Back at hostel, I decided to spend time writing blog post. Around the time, the other occupant of the dorm came in. I do not remember his name. He was a 24 year old guy from Rajasthan, was working in Mumbai but intending to relocate to Jaipur. While we were having conversation, Arif’s wife came in & objected on the wet clothes that I had hung on a makeshift arrangement & insisted on moving them to the chairs & other furnitures lying around. They seemed dusty & I asked if there is an alternate place. She seemed pretty insistent & dominating. I called Arif bhai & he came after some time. He seem to resonate what his wife said & said something like - if I knew you are going to wash clothes, I would have probably said no. I was pretty pissed by then but I realized it was my mistake of not checking with him upfront. On my insistence, he in a very take-this-and-get-lost tone decided to give his clothes rack stationed on a floor above. I decided to just silently take it, move my clothes to it & decided to go back to writing my post.

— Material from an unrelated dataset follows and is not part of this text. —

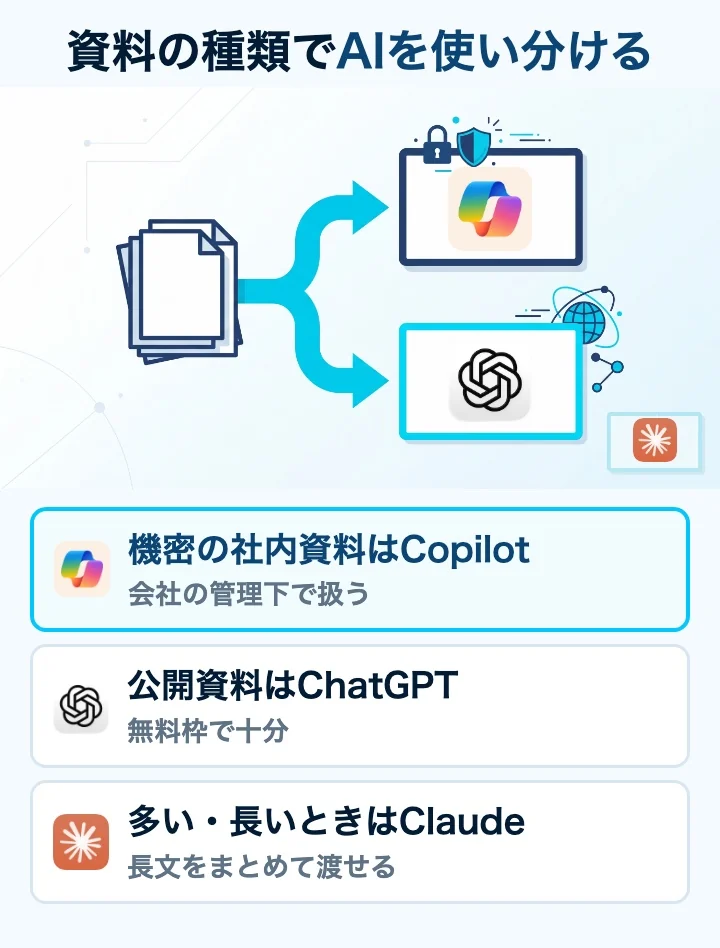 資料の出し先の分岐図。機密の社内資料はCopilot、公開資料はChatGPT、多い・長いときはClaude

I realized I was disturbed with the incidence & could not focus on writing. So I decided to sleep. I started to put my tent & then suddenly the thought of Arif bhai’s wife making a fuss about it, flashed my mind. But then I thought that I had already got an ok from him so it should be fine. Thankfully nothing happened & I slept in the tent by 12 AM. When I checked in at Sundeck, I found the vibe to be great & thought of spending one more day. But with the incidence, I was determined to leave the place first thing the next day. With the resolve, I retired to bed.